“The Emperor received me with much heartiness. And at the first glance, seeing him to be a splendid gentleman, with no airs of pretension and as artless as any man I ever saw, it seemed to me that we were old friends from the start.”
Doctor Talmage did not visit the Russian prisons which he defended; did not go to Siberia, which he compared to Italy; did not make any investigations of peasant-life; did not go among the working classes; did not talk with Tolstoy, nor any man of the dissatisfied elements. In fact, Talmage declares, in effect, that nobody was dissatisfied.
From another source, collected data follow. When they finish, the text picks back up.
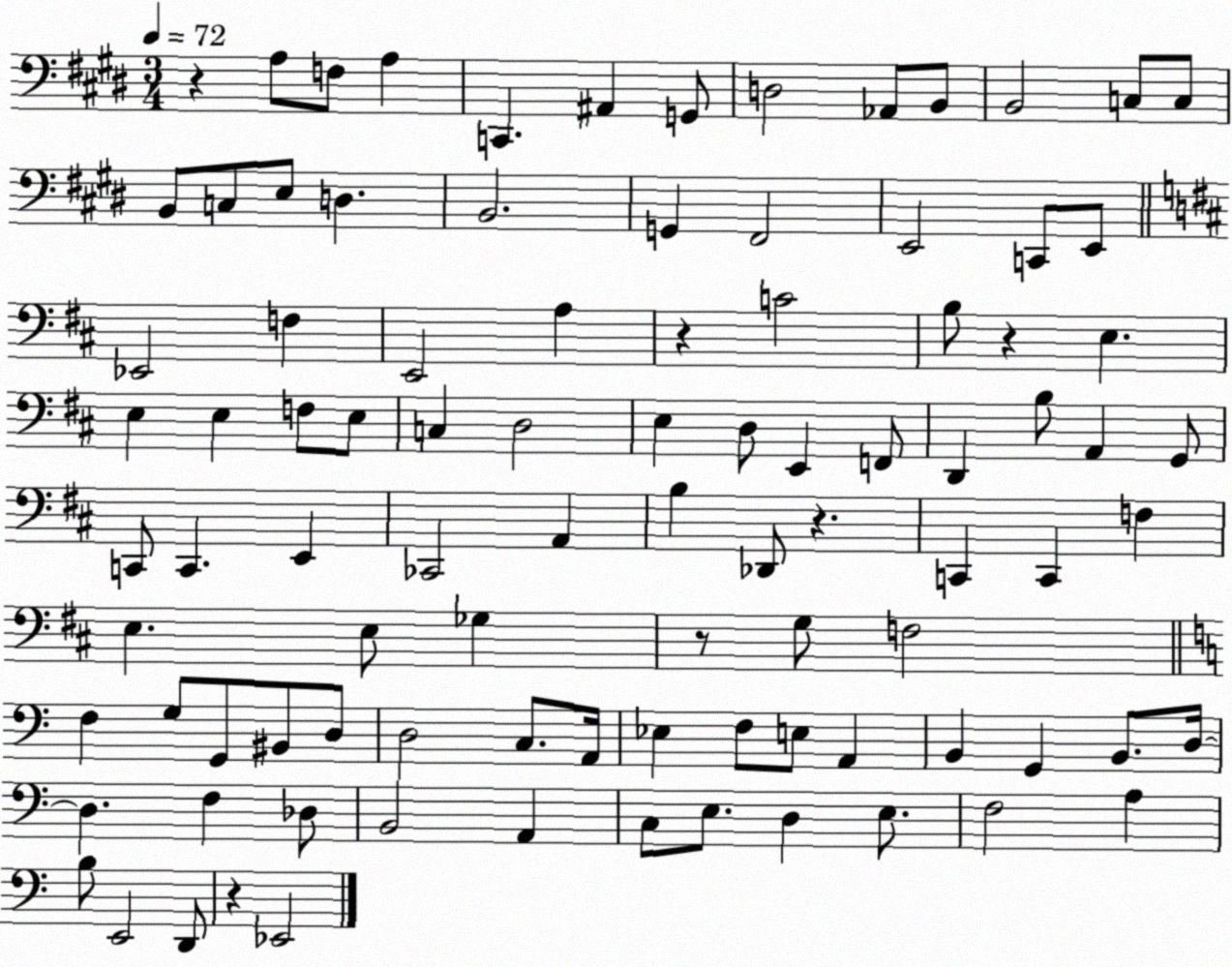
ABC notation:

X:1
T:Untitled
M:3/4
L:1/4
K:E
z A,/2 F,/2 A, C,, ^A,, G,,/2 D,2 _A,,/2 B,,/2 B,,2 C,/2 C,/2 B,,/2 C,/2 E,/2 D, B,,2 G,, ^F,,2 E,,2 C,,/2 E,,/2 _E,,2 F, E,,2 A, z C2 B,/2 z E, E, E, F,/2 E,/2 C, D,2 E, D,/2 E,, F,,/2 D,, B,/2 A,, G,,/2 C,,/2 C,, E,, _C,,2 A,, B, _D,,/2 z C,, C,, F, E, E,/2 _G, z/2 G,/2 F,2 F, G,/2 G,,/2 ^B,,/2 D,/2 D,2 C,/2 A,,/4 _E, F,/2 E,/2 A,, B,, G,, B,,/2 D,/4 D, F, _D,/2 B,,2 A,, C,/2 E,/2 D, E,/2 F,2 A, B,/2 E,,2 D,,/2 z _E,,2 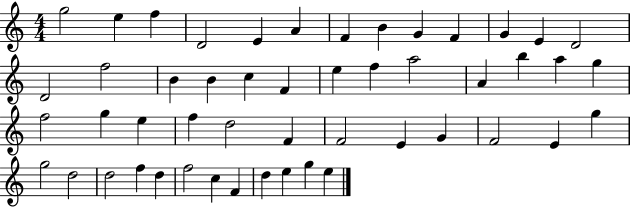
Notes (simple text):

G5/h E5/q F5/q D4/h E4/q A4/q F4/q B4/q G4/q F4/q G4/q E4/q D4/h D4/h F5/h B4/q B4/q C5/q F4/q E5/q F5/q A5/h A4/q B5/q A5/q G5/q F5/h G5/q E5/q F5/q D5/h F4/q F4/h E4/q G4/q F4/h E4/q G5/q G5/h D5/h D5/h F5/q D5/q F5/h C5/q F4/q D5/q E5/q G5/q E5/q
Listen to Doctor Talmage, Page 422:
“He who charges cruelty on the imperial family and the nobility of Russia, belies men and women as gracious and benignant as ever breathed oxygen.”
Shades of von Plehve!
When we read such lines as the above and recall how that gracious and benignant nobility have drenched Russia with blood of peasants, Jews, city workingmen, republican agitators—littering the streets with ghastly heaps of murdered men and women and children—we may well stand amazed at the success with which the wool was pulled over the eyes of the Rev. T. De Witt Talmage, D. D.
“There are no kinder people on earth than the Russians, and to most of them cruelty is an impossibility.”
“Dr. Talmage did not go to Siberia, which he compared to Italy.”